On the other hand, Precipitation (PPT_Annual), shows a strong positive correlation with volumetric water content (VWC) during the summer (0.67), indicating that higher precipitation likely increases soil moisture. There’s also a moderate positive correlation with litter (0.32) and negative correlation with bare (-0.25), suggesting increased vegetation and litter presence with more rainfall.
As we delve into the connections among climate, vegetation, and soil variables, our analysis shifts to examining individual parks to determine which ones are susceptible to drought and which ones are flourishing. Once we identify these parks, our next objective is to comprehend the disparities in their climate, vegetation, and soil indicators.
To acheive this we focused on selecting the top three and bottom three parks in terms of their vegetation profile. To select these observations, we derived a field called vegetation density. This calculated field was calculated by summing the percentage coverage values of tree canopy,herbaceous plants, and shrubs for each park. This composite metric integrates multiple aspects of vegetation to provide a comprehensive measure of vegetation density, reflecting the overall green cover within each park.
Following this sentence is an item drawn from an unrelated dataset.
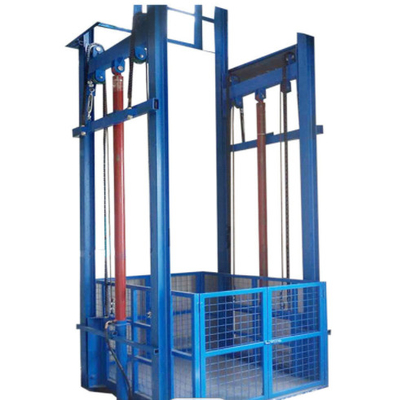 Hydrauliczny podnośnik towarowy 2m/s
After computing the vegetation density, we organized the data to identify parks with the highest and lowest values. Specifically, we sorted the dataset in ascending order to pinpoint the three parks with the sparsest vegetation, termed as having the “worst” vegetation density. Conversely, by sorting in descending order, we identified the three parks with the densest vegetation, labeled as having the “best” vegetation density.
# new calculated field called vegetation density
correlation_data$vegetation_density <- correlation_data$treecanopy + correlation_data$Herb + correlation_data$Shrub
# finding the worst vegetation
worst_vegetation <- correlation_data[order(correlation_data$vegetation_density), ]
worst_vegetation <- worst_vegetation[1:3, ]
worst_vegetation <- worst_vegetation %>%
mutate(vegetation_status = "worst")
# finding the best vegetation
best_vegetation <- correlation_data[order(-correlation_data$vegetation_density), ]
best_vegetation <- best_vegetation[1:3, ]
best_vegetation<- best_vegetation %>%
mutate(vegetation_status = "best")
worst_best<- rbind(worst_vegetation,best_vegetation)
write_csv(worst_best, "worst_best.csv")
worst_vegetation_table <- kable(worst_vegetation, "html", caption = "Bottom 3 Worst Vegetation Parks")
worst_vegetation_table| long | lat | T_Annual | PPT_Annual | VWC_Summer_whole | treecanopy | Herb | Shrub | Litter | Bare | vegetation_density | vegetation_status |
|---|---|---|---|---|---|---|---|---|---|---|---|
| -110.0022 | 37.60915 | 12.19 | 7.67 | 0.074 | 0 | 1 | 0 | 3 | 91 | 1 | worst |
| -109.9669 | 37.62446 | 11.74 | 8.43 | 0.110 | 0 | 1 | 0 | 1 | 93 | 1 | worst |
| -109.9940 | 37.62499 | 11.37 | 7.53 | 0.072 | 0 | 2 | 0 | 3 | 92 | 2 | worst |
best_vegetation_table <- kable(best_vegetation, "html", caption = "Top 3 Best Vegetation Parks")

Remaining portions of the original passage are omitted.